As we gear up for the imminent debut of GDELT 2.0, we are tremendously excited to announce a transformative new addition to GDELT's geographic processing: GDELT's geocoder now estimates the geographic location of each news outlet in the world by monitoring its primary locative focus, and then uses this information to assist the geocoder in processing local and regional press across the globe by helping it understand the "shared contextual background" required to understand each article.

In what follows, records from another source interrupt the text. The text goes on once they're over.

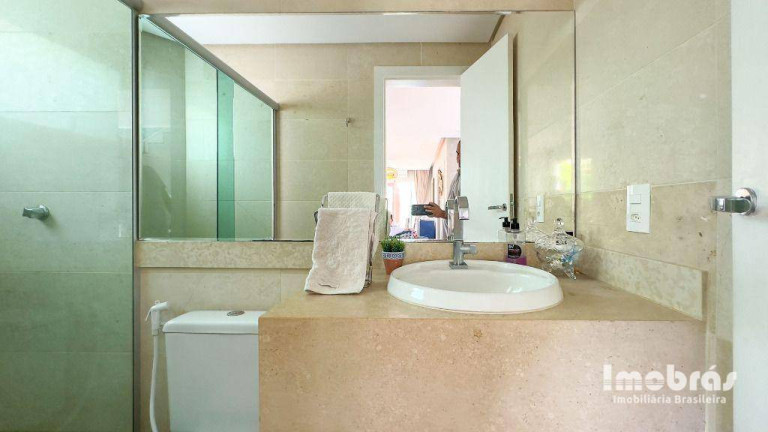 Imagem Casa com 3 Quartos à Venda, 140 m² em Engenheiro Luciano Cavalcante - Fortaleza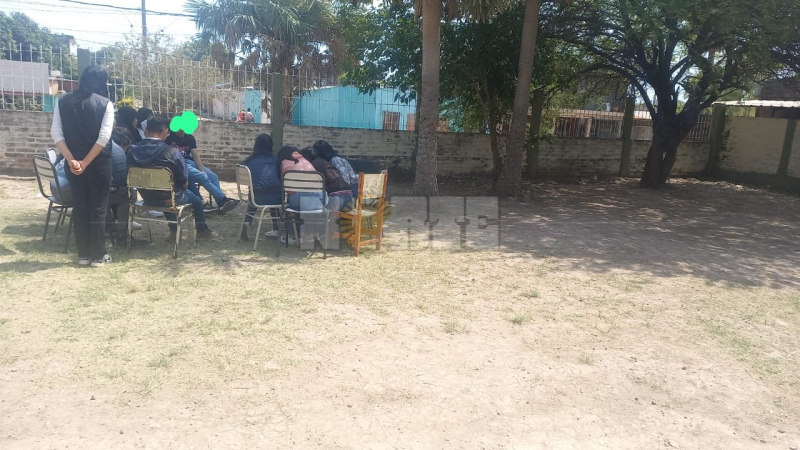 Alumnos en Barranqueras obligados a tener clases bajo los árboles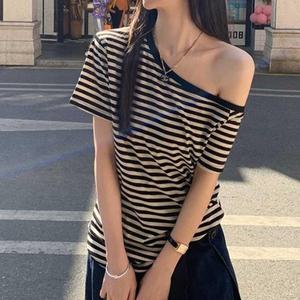 [1+1] [다잇템] 여자 검정 볼드숄더 반소매 빅사이즈 줄무늬 티셔츠
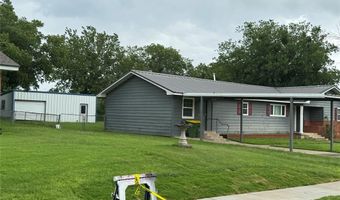 708 W First St, Hico, TX 76457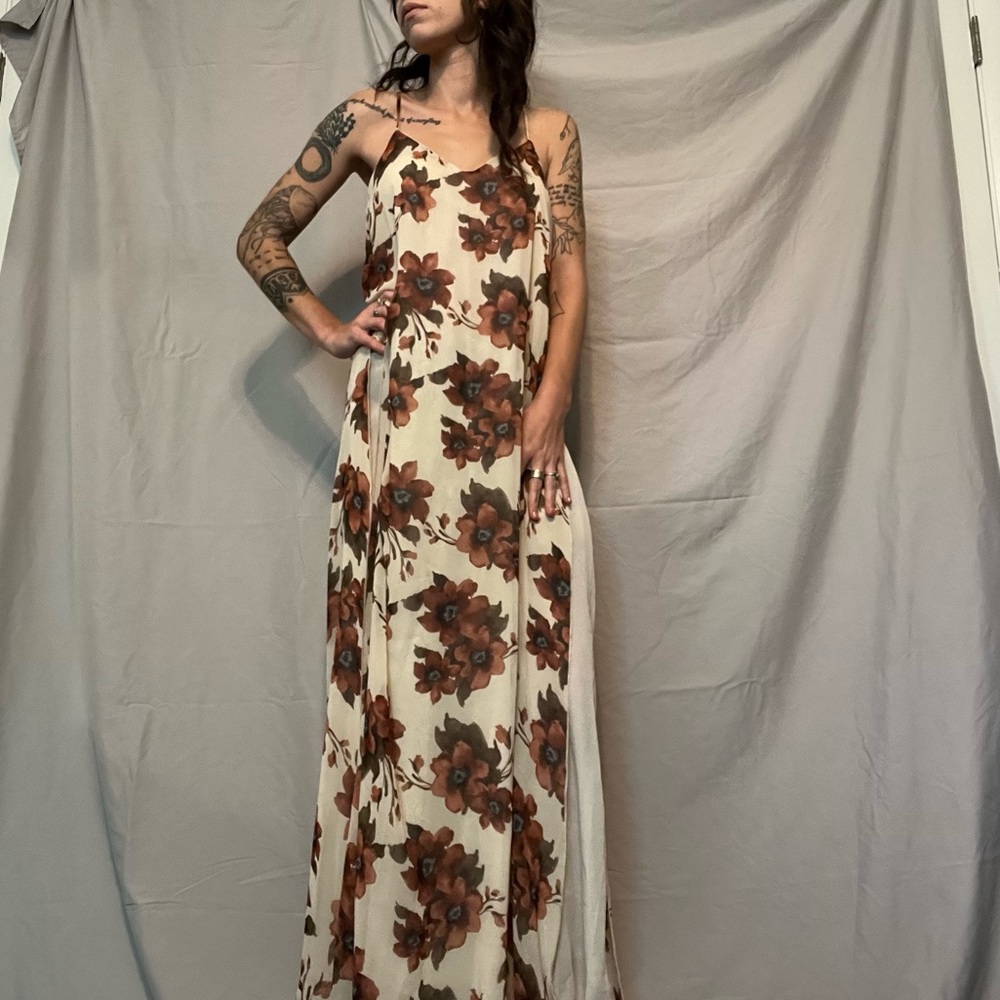 Mod Ref floral maxi dress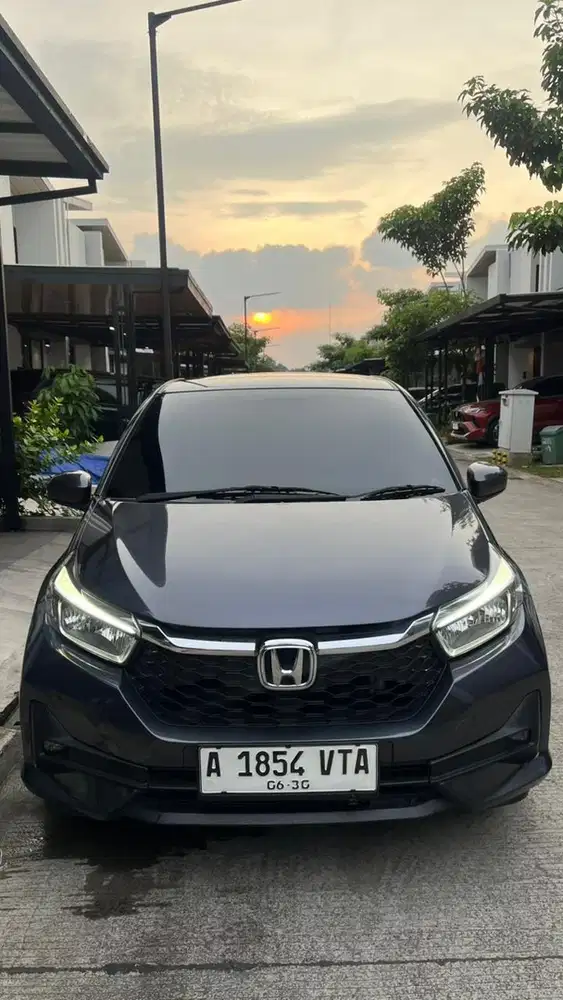 Honda Brio Satya 1.2 E AT 2026 Abu-Abu – Low KM, Like New!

When moving beyond the international Western news outlets that form the basis of much of the current work on watchboarding and political risk assessment, one finds that, as one might expect, local news outlets throughout the world make assumptions about the geographic knowledge of their readers.  A small rural radio station in Guinea, for example, would likely refer only to "Kankan", while a Western news outlet would likely assume its readership is unfamiliar with the geography of Guinea and assist them by listing the city as "Kankan, Guinea", sometimes going as far as to write "Kankan, Guinea, in Western Africa". Similarly, the News Gazette in Champaign, Illinois, frequently refers to "Urbana", assuming its readership will understand all references to "Urbana" mean the neighboring city in Illinois, not the Urbana, also located in a Champaign County, in Ohio.  In this case, the title of the newspaper, the "News Gazette", offers no hint as to whether it is based in Illinois or Ohio.  Disambiguating geographic mentions in the News Gazette requires knowing that it is physically based in Champaign, Illinois in the United States.  Historically the geocoding infrastructure used by GDELT has not taken into account the physical location that source material was published in, since this is frequently not known – GDELT has only a URL or name of a radio or television station to work with.  Indeed, estimating the location of a news outlet is extremely complex.

With the debut of GDELT 2.0, GDELT now continually examines the geographic footprint of each outlet it monitors across the world on an ongoing basis, attempting to further and further refine its estimate of that outlet's physical location or location of focus.  This information is propagated to the geocoding infrastructure and used in the geocoding process to assist in disambiguating locative mentions in that outlet.

To our knowledge this is one of the first deployments of a geocoding infrastructure that monitors global source material in realtime, estimating the ambiguity and confidence of locative references from each source, using that information to continually refine an estimated location of that outlet, and then feeding that information back into the geocoding process to assist with disambiguation and contextual background knowledge.  Already we are seeing an incredible increase in geographic recovery, especially from local broadcast, print and web outlets across Africa and Latin America, where upwards of 30-60% or greater of coverage of certain topics and types of events (such as small local protests) make assumptions of geographic context that do not allow them to be geocoded without incorporating the shared background context of the outlet's geographic location.

We are incredibly excited about the vastly expanded geographic recovery that this new system is providing GDELT 2.0 and we can't wait to see what you are able to do with it when GDELT 2.0 launches shortly!